En verdad en verdad os digo, que esta sociedad nuestra es igualita en todo a aquella que criticaba Grosz.

Mientras la burguesía de honorable prosapia (ah forjadores de la Catalunya nostra) hace gala de su estirpe sisándole pasta a los becarios del Palau, mientras los arquitectos postmodernos plantan su chiringuito en la playa con el noble y uniformador propósito de fomentar la mezcla —mezcla de clases sociales, mezcla de culturas, mezcla de lenguas: qué gozosa promiscuidad sesentayochista se promete el señor Bofill—, mientras los hay pescadores que obtienen ganancia en río revuelto (por no hablar de las17.000 páginas); mientras pasa todo esto, digo, al Ayuntamiento se le ocurre que el problema de Barcelona son los muertos de hambre, esa chusma cochambrosa que no da el pego en el escaparate ciudadano ni aunque se la coloque al lado del CCCB. Qué asquito, los mendigos durmiendo sobre los bancos donde debería poder sentarse un turista (de calidad, se entiende: turista de calidad). Emprendamos pues la revolución, la dels petits gestos, seamos creativos y utilicemos l’enginy para atajar los grandes problemas de nuestra sociedad, troceemos los bancos en elegantes porciones individuales para evitar que humano alguno pueda dar el poco edificante espectáculo de echarse a dormir en ellos. Qué sencillez,qué simplicidad, qué tersura de pensamiento la del alma creadora que ha ideado la feliz solución.

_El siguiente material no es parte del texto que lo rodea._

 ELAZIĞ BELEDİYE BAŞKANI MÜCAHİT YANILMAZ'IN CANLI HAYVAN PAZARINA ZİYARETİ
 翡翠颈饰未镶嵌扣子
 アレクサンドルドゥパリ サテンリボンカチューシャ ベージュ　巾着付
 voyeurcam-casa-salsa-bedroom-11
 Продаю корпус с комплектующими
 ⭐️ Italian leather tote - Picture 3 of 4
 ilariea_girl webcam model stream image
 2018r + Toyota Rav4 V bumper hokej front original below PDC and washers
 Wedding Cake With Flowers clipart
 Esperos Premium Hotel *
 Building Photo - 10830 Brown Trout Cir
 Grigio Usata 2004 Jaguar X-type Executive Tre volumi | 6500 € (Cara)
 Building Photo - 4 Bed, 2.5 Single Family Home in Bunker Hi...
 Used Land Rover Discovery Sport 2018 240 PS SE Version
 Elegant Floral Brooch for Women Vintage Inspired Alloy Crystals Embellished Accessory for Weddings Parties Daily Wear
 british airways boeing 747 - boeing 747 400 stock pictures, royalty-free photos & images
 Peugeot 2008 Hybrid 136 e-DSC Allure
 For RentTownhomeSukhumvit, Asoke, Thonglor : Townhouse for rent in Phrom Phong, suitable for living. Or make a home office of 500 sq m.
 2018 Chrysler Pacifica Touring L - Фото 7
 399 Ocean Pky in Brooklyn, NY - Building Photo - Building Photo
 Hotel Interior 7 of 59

Casi me atrevo a decir que poética solución: ¿no es propio de la poesía conseguir tanto con tan poco? Porque véase el alcance sociológico del apoyabrazos: desde la «unidad de gestión del espacio público» responsable de hallazgos tales afirman que «no vamos al efecto, sino a la  causa». ¡Acabáramos! ¡Si Marx lo hubiera sabido! ¿Para qué escribir El Capital, si con unos apoyabrazos podemos ahuyentar la pobreza de nuestras ciudades?